| Konu: | Vergi Kanunları ile Bazı Kanun ve Kanun Hükmünde Kararnamelerde Değişiklik Yapılmasına Dair Kanun Teklifi münasebetiyle |
| Yasama Yılı: | 2 |
| Birleşim: | 43 |
| Tarih: | 09.01.2019 |
İYİ PARTİ GRUBU ADINA İSMAİL TATLIOĞLU (Bursa) - Sayın Başkan, Parlamentomuzun değerli mensupları; hepinizi şahsım ve partim adına saygıyla selamlarım. 71 maddelik torba vergi kanun teklifiyle ilgili değerlendirmeleri yapmak üzere huzurunuzdayım.
Komisyon üyesi olarak Komisyonda da görüştüğümüz bu kanun maddeleri içerisinde bazılarına olumlu yaklaştık, evet dedik ama önemli bir kısmına da hayır dedik.
3'üncü ve 4'üncü maddeler, vergi istisna ve muafiyetleriyle ilgili. Bunu defalarca bu Mecliste konuştuk ama bir defa daha üzerinde duralım.
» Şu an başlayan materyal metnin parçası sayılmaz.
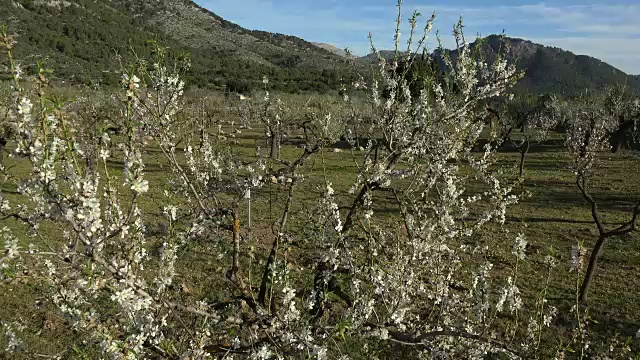 杏树开花，马略卡岛视频素材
Türkiye, OECD raporlarına göre, yaklaşık 94 ülke içerisinde en karmaşık vergi sistemine sahip bir ülke. Lütfen, bunun üzerine gidilmesi... Artık vergi, kanunlara sığmıyor ve yeni uzmanlıklar oluştu. Uygulanamaz bir kanun yapısı ortada ve etkinlikten uzaklaştı.
7'nci madde, sınır dışı güvenlik görevlerinde bulunanlara ilaç tedariki... Buna, biz evet dedik. Tahmin ediyorum, grubumuz burada da yine olumlu yaklaşacaktır.
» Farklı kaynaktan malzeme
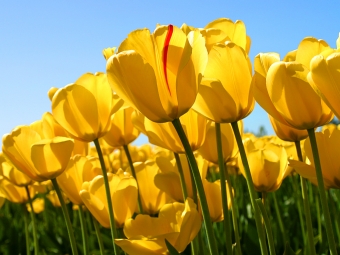 Bunga Tulip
8, 9 ve 10'uncu maddelerle yani askerî personel ve kadrolarla ilgili düzenlemeyle ilgili bir şey söylemek istiyorum. Bu, gerçekten, bu kanunların, bu torba kanunun, maalesef çok iyi hazırlanmadığının, kanun yapma kalitemizin nasıl düşük olduğunun bir göstergesi. Sayın Altunyaldız da burada, o da katıldı. Hatta, Milliyetçi Hareket Partisinin değerli komisyon üyesi, çok yerinde bir sorgulamayla bu konuyu gündeme getirdi ve baktık ki gerçekten de ortada hazırlıksız bur durum var. Bu kanunun geri çekileceği veyahut da düzenlenerek Genel Kurula geleceği söylendi ama maalesef, bakıyoruz ki bugün yine aynı metinle karşı karşıyayız. Ben, bugün bunun Genel Kurulda düzenleneceği şeklinde bir talebi gündeme getirmek istiyorum.
12'nci madde, büyükelçilikle alakalı. Yani Sayın Cumhurbaşkanı, bir görevle ilgili bir kişiyi büyükelçi olarak görevlendirebiliyor ama akredite olmaksızın bu görev bittiğinde büyükelçilik düşmüyor bu düzenlemeyle. Büyükelçilik görevi tekrar geri alınıncaya kadar büyükelçilik devam ediyor. Dolayısıyla biz bu uygulamaya karşı çıktık.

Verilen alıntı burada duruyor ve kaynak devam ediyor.